**Work required**
Starting with the line below that holds "ROUJOY|vintage运动风白蓝压力秋季女骑行户外登山健身跑步小腿DF" and stopping after the line that holds "SEGUMA EV Charger", transcribe the lines exactly, leaving out all pictures.

**Material provided**
"""
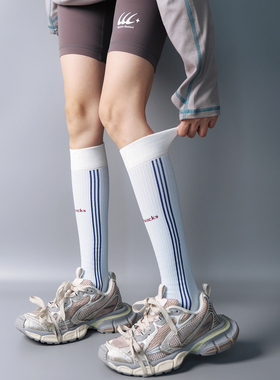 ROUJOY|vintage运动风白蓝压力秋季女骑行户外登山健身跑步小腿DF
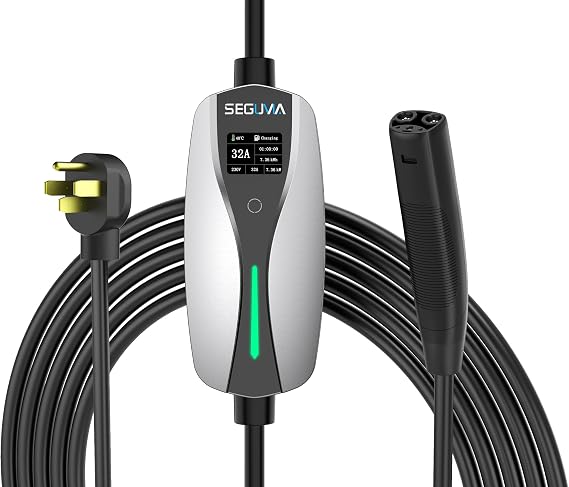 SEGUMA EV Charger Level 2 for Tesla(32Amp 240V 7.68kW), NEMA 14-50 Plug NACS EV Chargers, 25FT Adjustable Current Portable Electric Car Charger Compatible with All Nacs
"""
"""
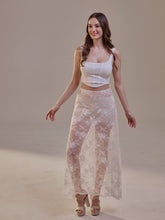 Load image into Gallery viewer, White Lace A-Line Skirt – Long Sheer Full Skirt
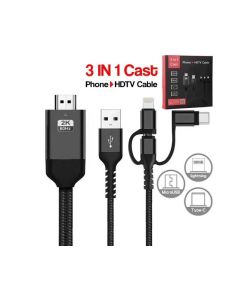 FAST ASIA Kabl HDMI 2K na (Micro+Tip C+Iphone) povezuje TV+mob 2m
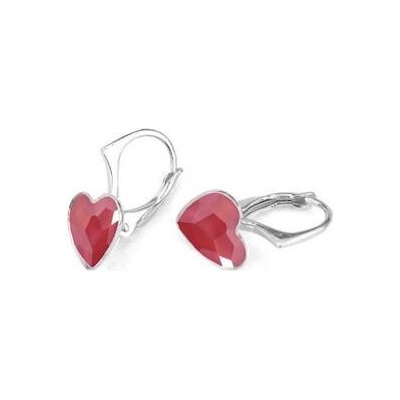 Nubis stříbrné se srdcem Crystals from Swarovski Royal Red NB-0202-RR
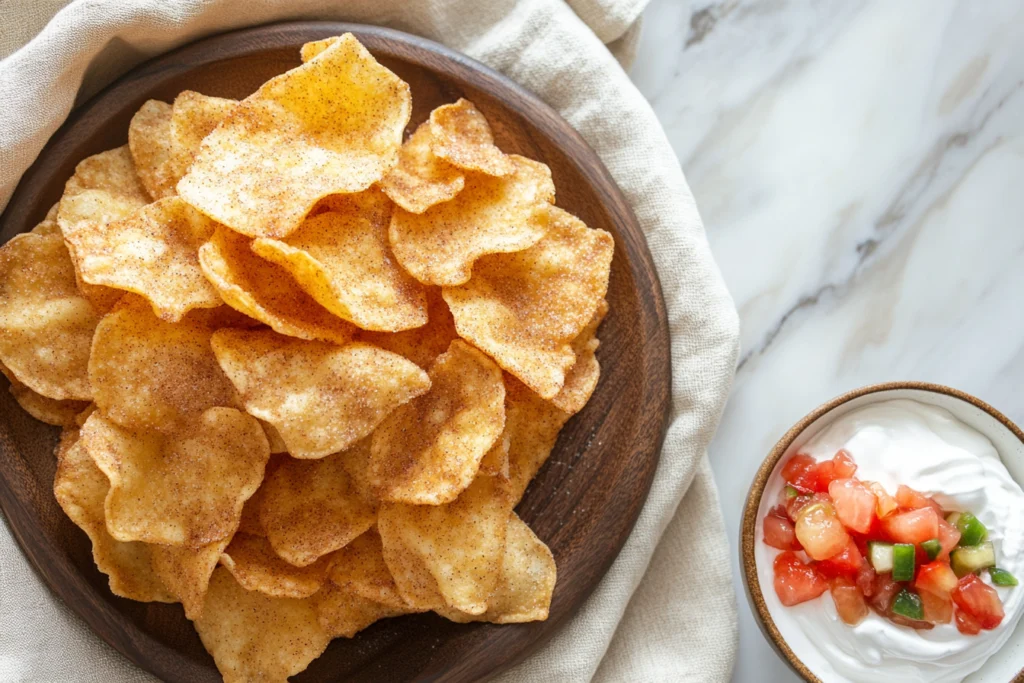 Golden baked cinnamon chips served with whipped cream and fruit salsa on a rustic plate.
"""
**Exercise result**
 ROUJOY|vintage运动风白蓝压力秋季女骑行户外登山健身跑步小腿DF
 SEGUMA EV Charger Level 2 for Tesla(32Amp 240V 7.68kW), NEMA 14-50 Plug NACS EV Chargers, 25FT Adjustable Current Portable Electric Car Charger Compatible with All Nacs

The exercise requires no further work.